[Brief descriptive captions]
____

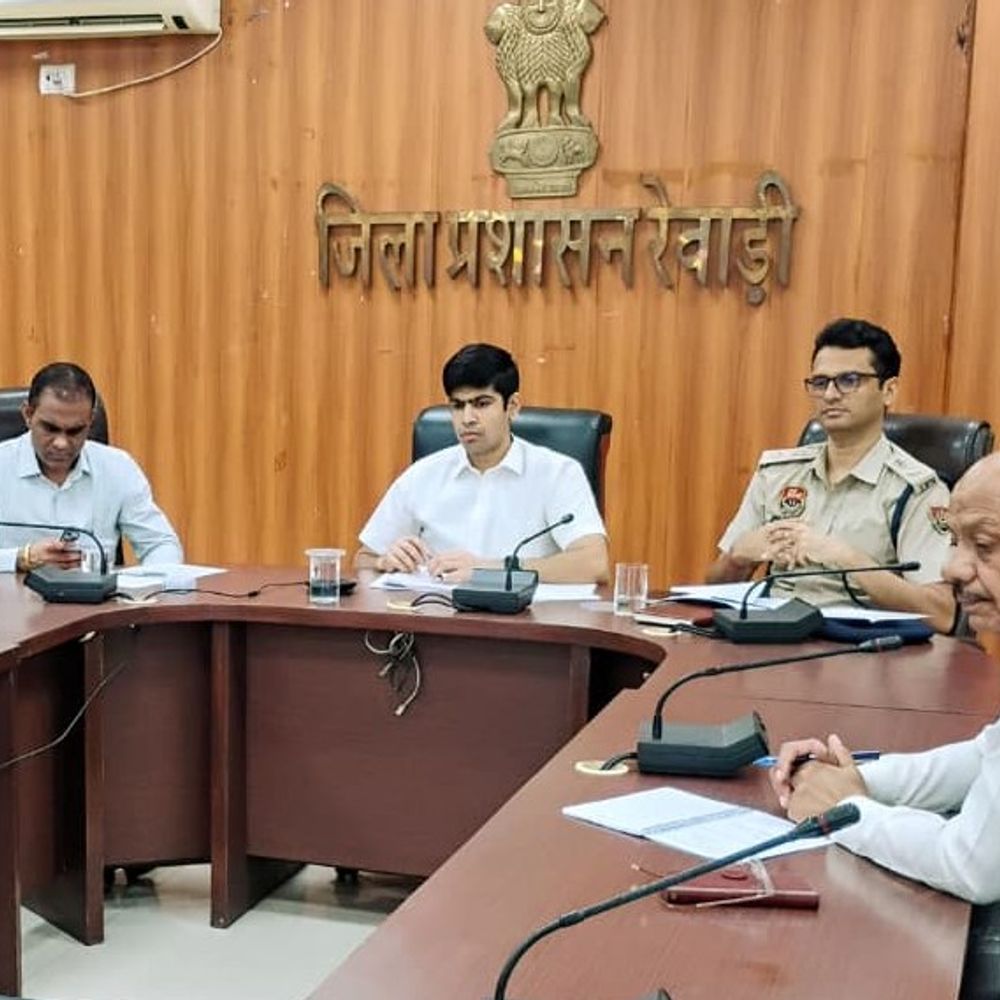 आज रेवाड़ी में 3788 विद्यार्थी देंगे नीट की परीक्षा:चप्पे-चप्पे पर पुलिस की नजर, आधा घंटा पहले एंट्री बंद, 2 से 5 समय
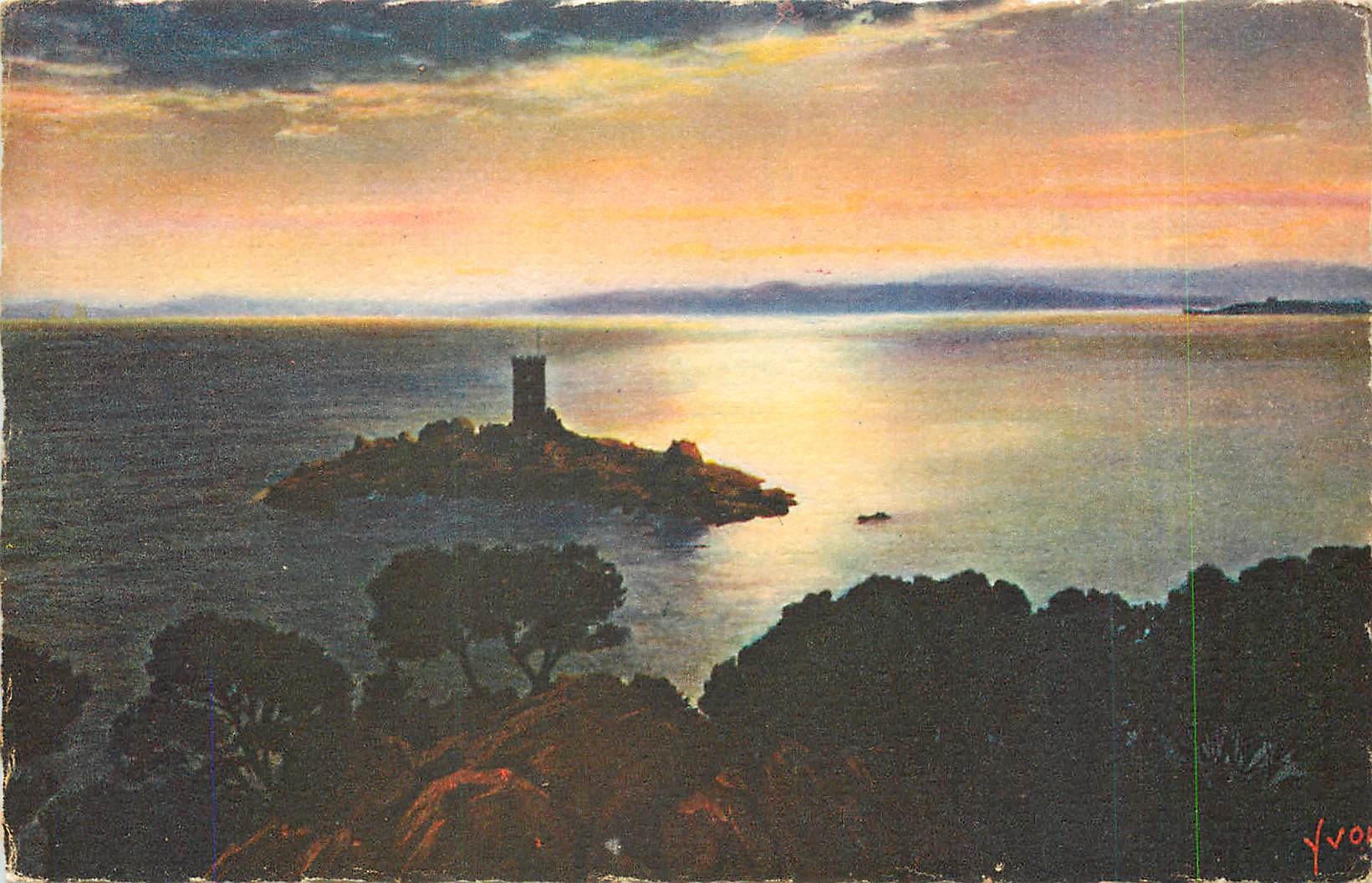 CPA Saint Raphael Agay L'Ile d'Or au coucher du soleil 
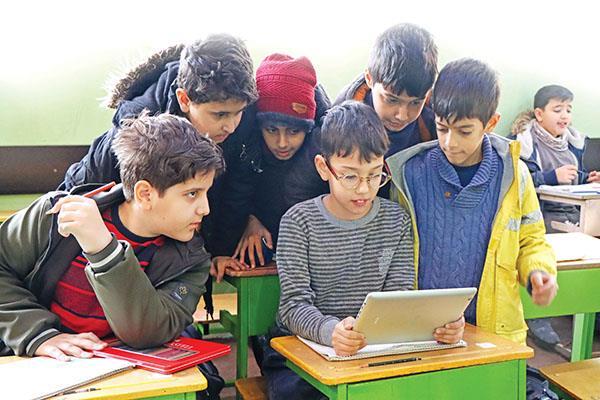 هوش مصنوعی سر میز گفت‌وگو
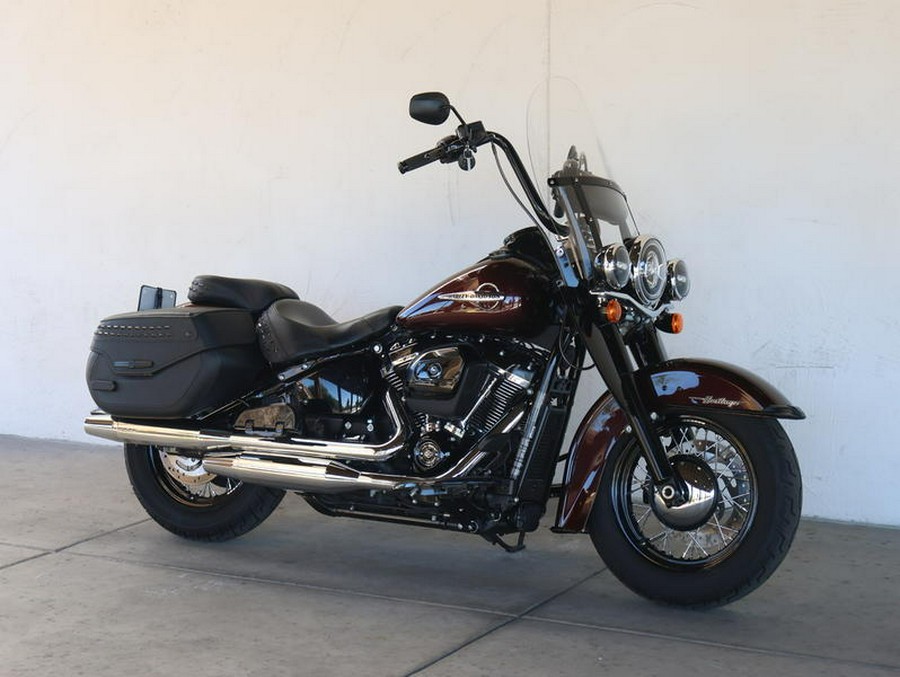 2018 Harley-Davidson® FLHCS - Softail® Heritage Classic 114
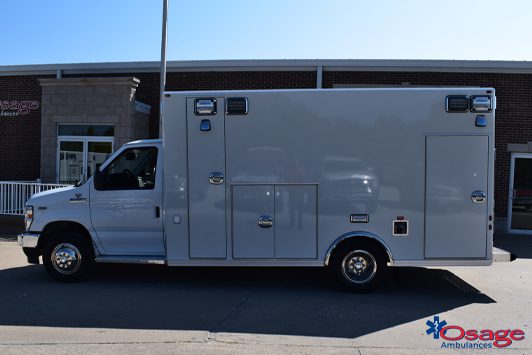 Type III Super Warrior – Ford E450 Ambulance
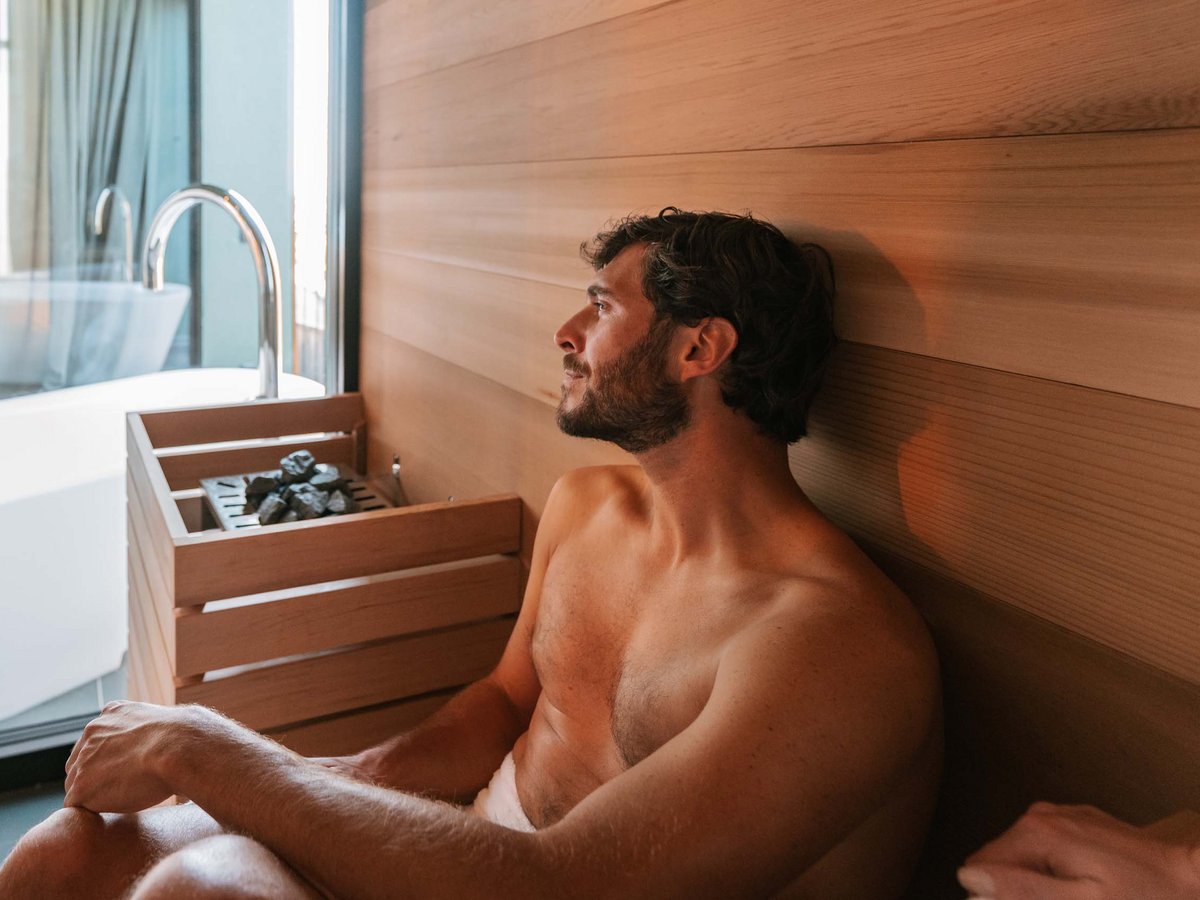 Entspannung in der privaten Sauna eines Chalets Mann in der Sauna im Chalet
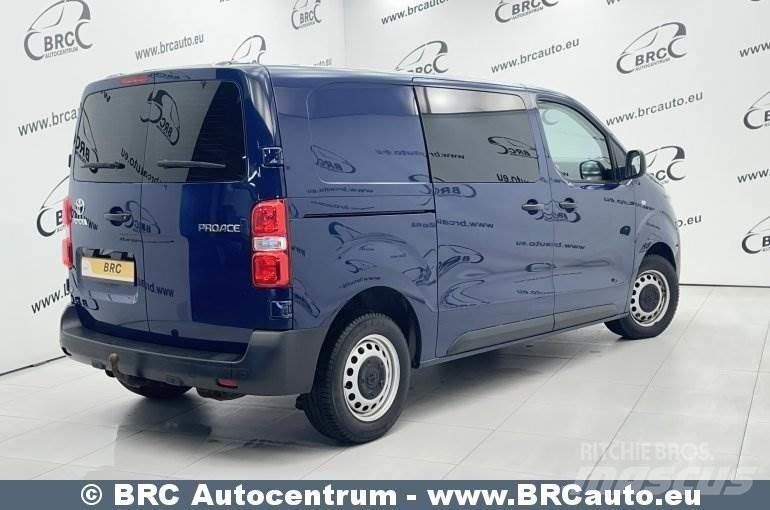 Toyota Proace Lätta lastbilar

____

→ **What is expected**
Beginning at the line that contains "Type III Super Warrior – Ford E450 Ambulance", copy each remaining line of the records exactly, through the final one. Omit the pictures.

→ **Finished task**
 Type III Super Warrior – Ford E450 Ambulance
 Entspannung in der privaten Sauna eines Chalets Mann in der Sauna im Chalet
 Toyota Proace Lätta lastbilar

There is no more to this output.